Just as we felt in March of 2014 on Soda Canyon Road, the immediate neighbor described the project as a nightmare. The outraged reactions of the other neighbors were also familiar. For those of us who have cherished our lives of rural tranquility in the county, the idea of a tourist event center next door is a nightmare come true. It is a personal violation of our reason to live here, of the paradise we thought we had found. Call me a "little sister" (Volker Eisele's term) but for me the nausea and the sleeplessness have not disappeared even after 9 months. That sense of violation continues to drive this website.
The neighbor was made aware of the project by the developer in the course of other property line discussions. The project did not apparently fall under the new notification procedures put into place, procedures that came into being in part because of community activism. The procedures, which require notification at the time of application rather than at the end of county review, give the neighbors whose lives will be degraded by these projects an opportunity to weigh in during the review process, with at least the possibility of mitigations being worked out before the projects reach the Planning Commission.
There are perhaps 40 project applications in the planning department. All will have major impacts on their neighborhoods and cumulatively an impact on the future of the county. The importance of a public vetting of the projects well before the 20 day "public review" period, after which they go to the planning commission for judgement, is an important step in our battle to insure that all constituencies are represented in the land use battles necessary to protect the future and the soul of Napa County.
The approval of the winery's 1500' long, 17' wide access road ending in a one lane bridge will be litigated in court. The county will be required to justify ignoring of all of its own county road and street standards as well as California State fire safe regulations to insure that one more tourist attraction can be inflicted on the rural residents of the counry.
Another loss for rural residents in their battles against the pernicious impacts of the wealthy pursuing their dreams of being goodlife impresarios.
It is perhaps a coincidence that the article on Sup. Dillon's decision not to run for re-election, happened one day after the Anthem hearing in which she was the one supervisor to vote against its approval. "I have a suspicion that there will be [at least] three votes to approve this," she said near the beginning of her comments. There was a wearyiness as she enumerated her concerns about the project, the verifiable and obvious lack of water, the fire danger posed by such a substandard access route in an age of fire, and the use of exceptions to (i.e violations of) county ordinances to make the project feasable.

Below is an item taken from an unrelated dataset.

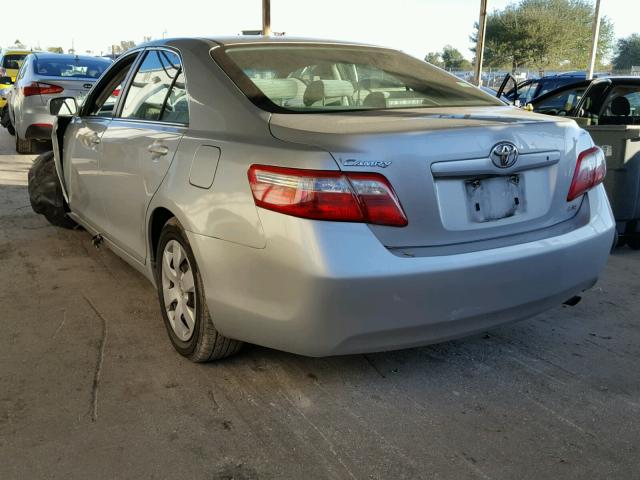 4T1BE46K07U086614 - 2007 TOYOTA CAMRY NEW SILVER photo 3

The two events are not directly related, of course, but one could easily imagine a link. She is the one member of the board that rose out of the battles to prevent agrictural land and open space from being developed. That battle is being lost with each new tourist attraction, warehouse, hotel, housing and deforestation project that the growth-centric board majority now supports. Those projects will induce more development and the cascade of urbanization -- unrestrained by the preservationist ideals that created and defended the Ag Preserve -- will eventually dominate the life and environment of the county. The slow demise of Napa's vineyards and woodlands will not be a pretty sight. To remain on the board with that inevitability, would be a wearying prospect, indeed. On the other hand, it is a better position from which to protect the ag legacy than from the sidelines.

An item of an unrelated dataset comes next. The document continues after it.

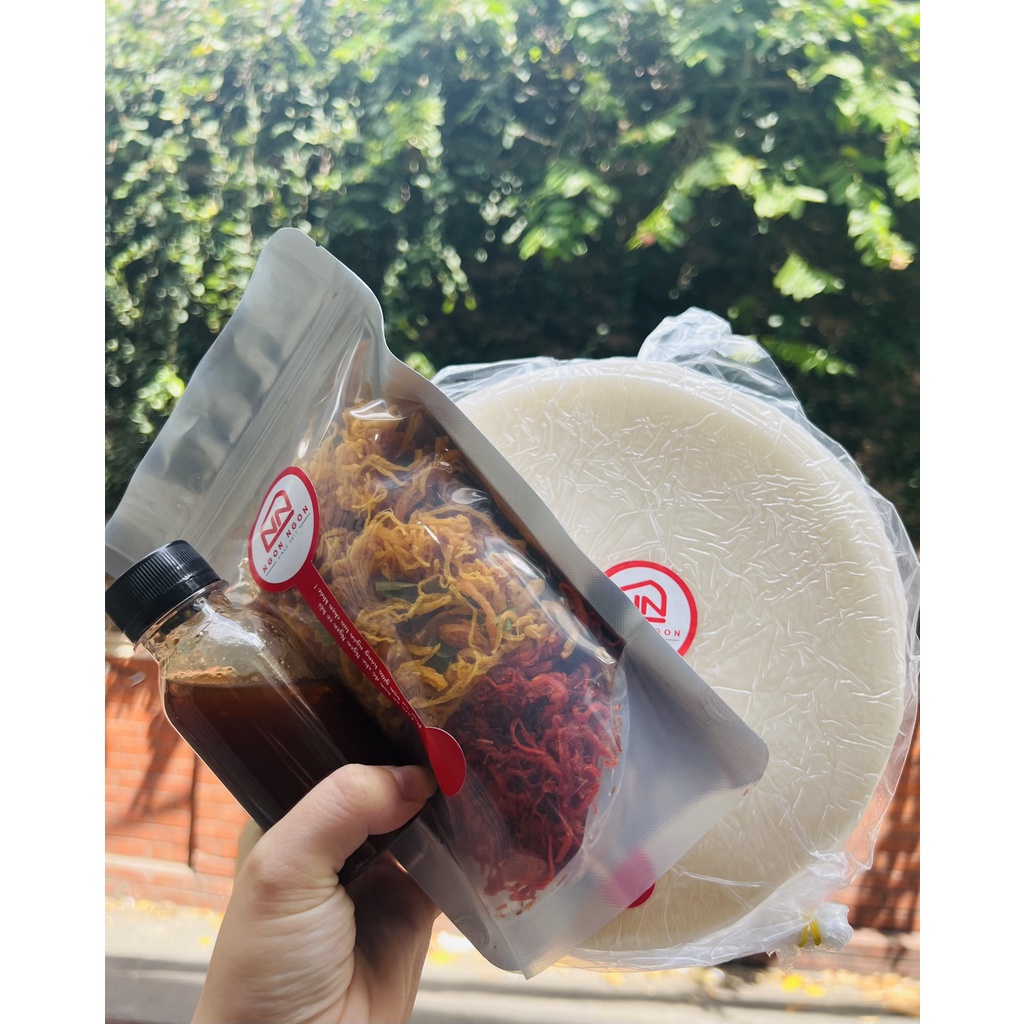Bánh tráng phơi sương 4 món sốt me khô gà khô bò đặc biệt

The owner of Anthem is a member of Coalition Napa Valley, the small group of winery owners and developers who wish to abandon the limitations on winery visitation in county ordinances and general plan that hobble their ambitions. The group's (so far only) champion on the Board seems to be its current chair, Sup. Pedroza. It is a group so fervent in their tourism ambitions that even the wine industry 'stakeholders' who created the tourism carveouts in Napa's unique definition of agriculture are not yet on board. The group is led by Dario Sattui, developer and major-domo of Castello di Amorosa, Napa's biggest tourist attraction. It is possible that someone from the group, perhaps the aggressive Mr. Sattui himself, will run for Sup. Dillon's seat in 2022. That is also a wearysome prospect.
One other dissuasion from seeking re-election: having to listen to 3 minutes of truly ugly vitriol from James Hinton at each meeting.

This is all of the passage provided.